Jo da hast du grundsätzlich völlig recht, ich finde allerding den alltagssprachlichen Gebrauch von Bindung, der für jeden ein bisschen was Anderes zu bedeuten scheint und oft mit bestenfalls vagen, tw sogar kontraproduktiven Vorstellungen über ihre Erreichbarkeit daher kommt, so wenig hilfreich für den Umgang mit Problemthemen.
Es geht mir wirklich nicht um eine rein akademische Rechthaberei, ich hab die Bindungsarten deshalb erwähnt und vertreten, weil sie imho sehr hilfreich dabei sein können, die Auswirkungen des eigenen Verhaltens nochmal besser zu verstehen, es zu reflektieren und wenn nötig zu adjustieren.
Als ich vor Monaten in dem Seminar das Konzept in Erinnerung gerufen bekam, war es ein regelrechter kleiner Augenöffner und hat mich sehr nachdrücklich gemacht.
Ja, die Theorien können hilfreich sein - keine Frage. Und natürlich brauchen wir wissenschaftliche Auseinandersetzung – sie hilft uns, Muster zu erkennen, komplexe Zusammenhänge zu verstehen und fundierte Handlungsideen zu entwickeln. Aber Wissenschaft ist kein Wahrheitsmonopol.
Sie ergänzt Erfahrung – ersetzt sie aber nicht.
Gerade im Umgang mit Problemthemen und komplexen Verhaltensdynamiken – ich denke da zB sowohl an Julias Beiträge über Nero als auch an mich und meine Hunde – ist der Blick auf die gelebte Beziehungsebene oft relevanter als der Versuch, das Ganze in ein klar umrissenes Modell zu pressen. In beiden Fällen zeigt sich: Beziehung funktioniert oder sie funktioniert nicht – unabhängig davon, ob man den Begriff Bindung im akademischen Sinne sauber definieren kann.
Dass der Begriff im Alltag unterschiedlich gefüllt wird, ist kein Mangel, sondern Ausdruck realer Perspektivenvielfalt. Wie gesagt, solange transparent ist, aus welcher Perspektive man spricht, ist daran nichts „kontraproduktiv“. Wer sich auf Bowlby beruft, darf das gern tun – aber der Begriff Bindung ist damit nicht exklusiv vergeben.
Die klassischen Bindungstheorien sind weder voraussetzungslos zugänglich noch universell anschlussfähig. Manche Menschen reflektieren wirksam über ein Modell, andere über Beobachtungen, Widersprüche oder über das Verhalten ihres Hundes bei Dritten.

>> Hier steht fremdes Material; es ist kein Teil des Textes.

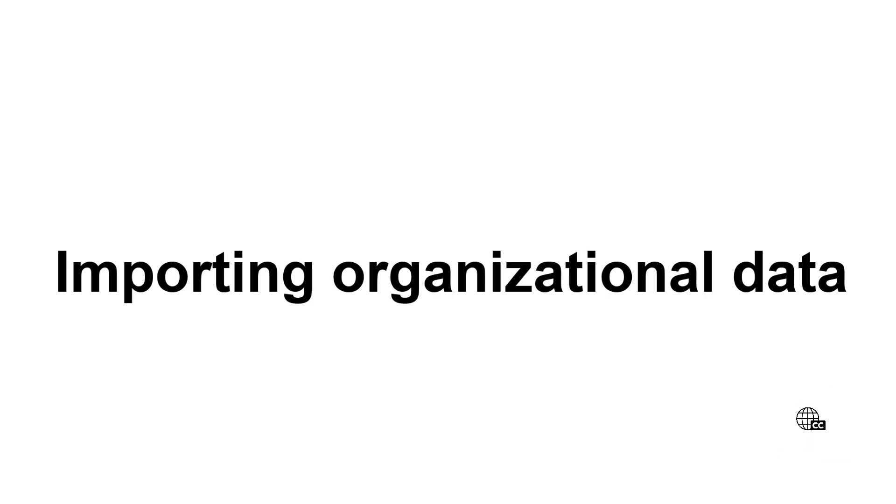Hi everyone, in this Ivanti video I'm going to show you how to import organizational data, specifically business units, into License Optimizer. This will also give us a quick overview of how data import works in License Optimizer.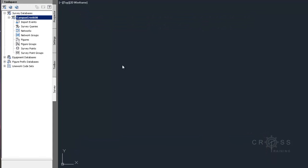I also want to mention that once you make these changes in your survey user settings, it's going to stick for every drawing that you open.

Bei Neo war es bspw nicht ein entwicklungspsychologisches Aha-Erlebnis, sondern die nüchterne Feststellung, wie unterschiedlich sein Verhalten ausfällt – abhängig davon, wie klar, regulierend, konsistent und durchlässig ich selbst agiere. Auch das ist Beziehungsanalyse – nur eben nicht mit Lehrbuch, sondern mit Blut und Spucke.
Dass man Theorie nicht braucht, weil man Praxis hat, sagt niemand. Aber wer Praxis ernst nimmt, sollte auch aushalten können, dass nicht alles nach Modell läuft.